A screenshot of the interactive map from the "Journey" page of the Third View project interactive DVD. Rolling a computer mouse over the map locations highlights active areas of the disk. Double clicking the mouse takes the viewer to those sites and other content.

A screenshot showing the "Teapot Rock Walk-Around," from the Third View project interactive DVD. The right-hand side of the screen shows a stylized map of two rock formations at Green River, Wyoming: Teapot Rock and the Sugar Bowl. The line in orange shows a walking path used to connect five different nineteenth-century photographs, four by Timothy O'Sullivan and one by William Henry Jackson. On the left side of the screen the images made along the path at regular intervals are displayed in an animation of the walk via clicking the computer mouse on the path. The animation stops at the vantage points of the historic photographs, which are embedded into the pathway photos.

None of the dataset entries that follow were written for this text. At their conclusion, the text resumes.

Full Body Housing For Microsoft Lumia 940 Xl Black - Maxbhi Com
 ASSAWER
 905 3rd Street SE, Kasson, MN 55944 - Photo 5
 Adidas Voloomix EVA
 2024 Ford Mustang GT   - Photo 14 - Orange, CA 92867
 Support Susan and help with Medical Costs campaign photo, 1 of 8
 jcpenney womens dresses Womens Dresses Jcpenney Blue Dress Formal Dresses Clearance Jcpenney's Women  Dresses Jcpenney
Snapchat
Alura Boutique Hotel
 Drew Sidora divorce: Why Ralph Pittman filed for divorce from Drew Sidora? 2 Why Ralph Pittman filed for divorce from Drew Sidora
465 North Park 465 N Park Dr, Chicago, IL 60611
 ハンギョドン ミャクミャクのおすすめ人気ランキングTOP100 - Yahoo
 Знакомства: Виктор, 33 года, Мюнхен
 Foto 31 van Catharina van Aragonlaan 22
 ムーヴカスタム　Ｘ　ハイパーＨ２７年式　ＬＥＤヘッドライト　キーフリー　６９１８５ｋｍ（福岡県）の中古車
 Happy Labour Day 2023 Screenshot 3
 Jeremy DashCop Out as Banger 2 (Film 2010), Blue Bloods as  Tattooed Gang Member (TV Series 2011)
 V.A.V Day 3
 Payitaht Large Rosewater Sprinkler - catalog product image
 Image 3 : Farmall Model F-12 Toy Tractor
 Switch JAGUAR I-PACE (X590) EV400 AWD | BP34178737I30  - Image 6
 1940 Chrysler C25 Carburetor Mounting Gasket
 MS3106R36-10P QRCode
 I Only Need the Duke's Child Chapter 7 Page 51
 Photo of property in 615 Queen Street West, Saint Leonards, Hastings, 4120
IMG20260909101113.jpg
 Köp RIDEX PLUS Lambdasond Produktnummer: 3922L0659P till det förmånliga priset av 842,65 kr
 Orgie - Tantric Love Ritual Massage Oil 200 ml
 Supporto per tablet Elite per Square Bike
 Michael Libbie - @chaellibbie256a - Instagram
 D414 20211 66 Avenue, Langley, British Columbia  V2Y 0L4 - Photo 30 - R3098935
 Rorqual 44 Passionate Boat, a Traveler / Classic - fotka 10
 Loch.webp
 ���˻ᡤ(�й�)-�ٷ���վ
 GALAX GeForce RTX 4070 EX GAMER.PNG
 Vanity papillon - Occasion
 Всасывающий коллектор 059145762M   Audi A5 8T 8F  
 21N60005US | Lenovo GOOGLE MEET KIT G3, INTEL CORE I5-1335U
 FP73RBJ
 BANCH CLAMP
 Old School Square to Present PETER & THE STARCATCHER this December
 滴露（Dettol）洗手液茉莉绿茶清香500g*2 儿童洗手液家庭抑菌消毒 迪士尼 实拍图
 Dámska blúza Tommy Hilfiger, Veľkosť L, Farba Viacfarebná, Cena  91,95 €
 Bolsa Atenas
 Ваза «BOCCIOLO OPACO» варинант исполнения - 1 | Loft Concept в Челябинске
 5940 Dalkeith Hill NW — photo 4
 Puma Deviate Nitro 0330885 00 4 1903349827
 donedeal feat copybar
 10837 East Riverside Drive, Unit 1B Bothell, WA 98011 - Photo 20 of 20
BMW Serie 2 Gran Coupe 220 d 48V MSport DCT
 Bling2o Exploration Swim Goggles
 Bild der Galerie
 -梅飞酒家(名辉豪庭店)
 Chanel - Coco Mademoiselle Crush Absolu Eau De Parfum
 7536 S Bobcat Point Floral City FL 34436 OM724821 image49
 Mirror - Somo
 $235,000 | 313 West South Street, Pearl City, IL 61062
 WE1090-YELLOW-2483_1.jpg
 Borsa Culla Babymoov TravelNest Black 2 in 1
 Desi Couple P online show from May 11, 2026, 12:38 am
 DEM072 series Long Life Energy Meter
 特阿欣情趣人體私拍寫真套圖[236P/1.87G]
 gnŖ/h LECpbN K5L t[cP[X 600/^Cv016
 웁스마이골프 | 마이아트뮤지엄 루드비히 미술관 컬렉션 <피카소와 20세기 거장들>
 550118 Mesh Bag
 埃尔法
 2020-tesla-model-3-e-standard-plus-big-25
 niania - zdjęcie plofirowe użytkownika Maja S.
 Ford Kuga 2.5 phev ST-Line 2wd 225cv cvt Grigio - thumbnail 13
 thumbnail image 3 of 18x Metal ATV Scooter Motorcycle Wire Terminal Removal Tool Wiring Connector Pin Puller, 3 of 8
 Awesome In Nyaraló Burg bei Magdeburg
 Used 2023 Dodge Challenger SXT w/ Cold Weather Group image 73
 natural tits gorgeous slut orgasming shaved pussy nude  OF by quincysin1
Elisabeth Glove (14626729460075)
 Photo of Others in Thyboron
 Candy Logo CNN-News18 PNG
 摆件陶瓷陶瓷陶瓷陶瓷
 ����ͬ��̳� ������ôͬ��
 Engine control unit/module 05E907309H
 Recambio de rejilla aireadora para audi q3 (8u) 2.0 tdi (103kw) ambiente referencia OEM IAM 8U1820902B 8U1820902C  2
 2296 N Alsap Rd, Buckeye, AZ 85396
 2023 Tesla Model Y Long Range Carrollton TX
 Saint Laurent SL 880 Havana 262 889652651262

A screenshot of the scrolling panorama made at William Bell's "Perched Rock, Rocker Creek, Arizona," from the Third View project interactive DVD. The project made 360 degree panoramas from the camera positions used by the nineteenth-century photographers. The original images were then embedded into each panorama and viewers could scroll through the scene showing what was behind the camera, or click a button to turn, make the earlier view disappear, or reappear.

A screenshot from the Third View project interactive DVD showing Timothy O'Sullivan's photograph of "Green River Buttes, Green River, Wyoming, 1872," including the "Time Reveal" window showing Castle Rock in 1997. By clicking the computer mouse on the window icon, a smaller rectangle appears over the image showing that part of the same scene, but at a different time. The viewer can move the window to examine different parts of the image, and also change the time shown in both the window and the background image.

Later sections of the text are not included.